_Exercise brief_
Can you transcribe the data exactly? Leave the pictures out.

_Data segment_

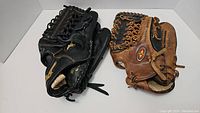 Two baseball gloves, one Easton brown leather glove and one Mizuno black leather glove, stacked together showing overall condition.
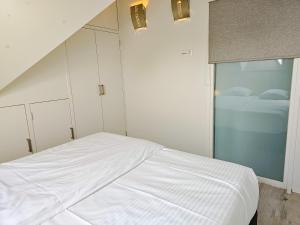 een slaapkamer met een wit bed en een raam bij Studio het Strandhuis KA05 in Vlissingen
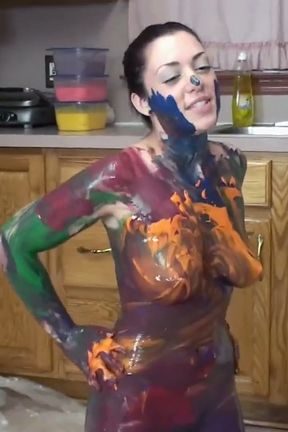 Melina Mason is playing in paint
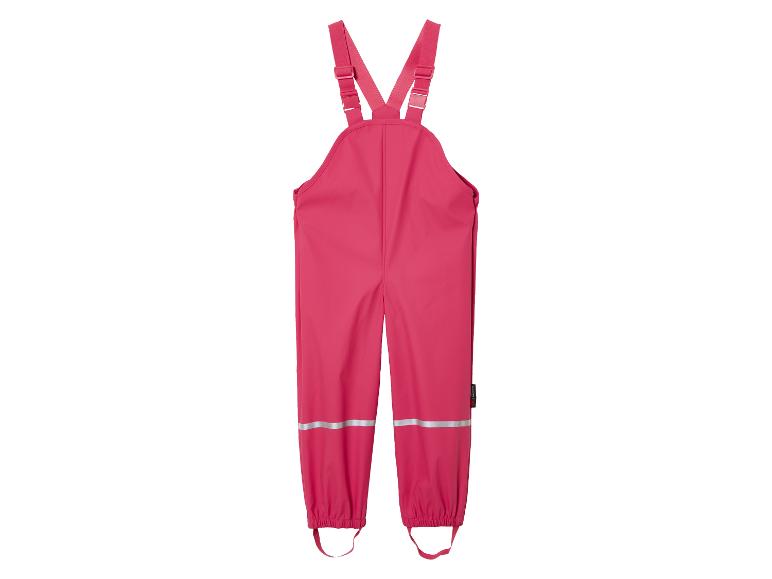 Pantalon de pluie rose à bretelles.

_Answer section_
 Two baseball gloves, one Easton brown leather glove and one Mizuno black leather glove, stacked together showing overall condition.
 een slaapkamer met een wit bed en een raam bij Studio het Strandhuis KA05 in Vlissingen
 Melina Mason is playing in paint
 Pantalon de pluie rose à bretelles.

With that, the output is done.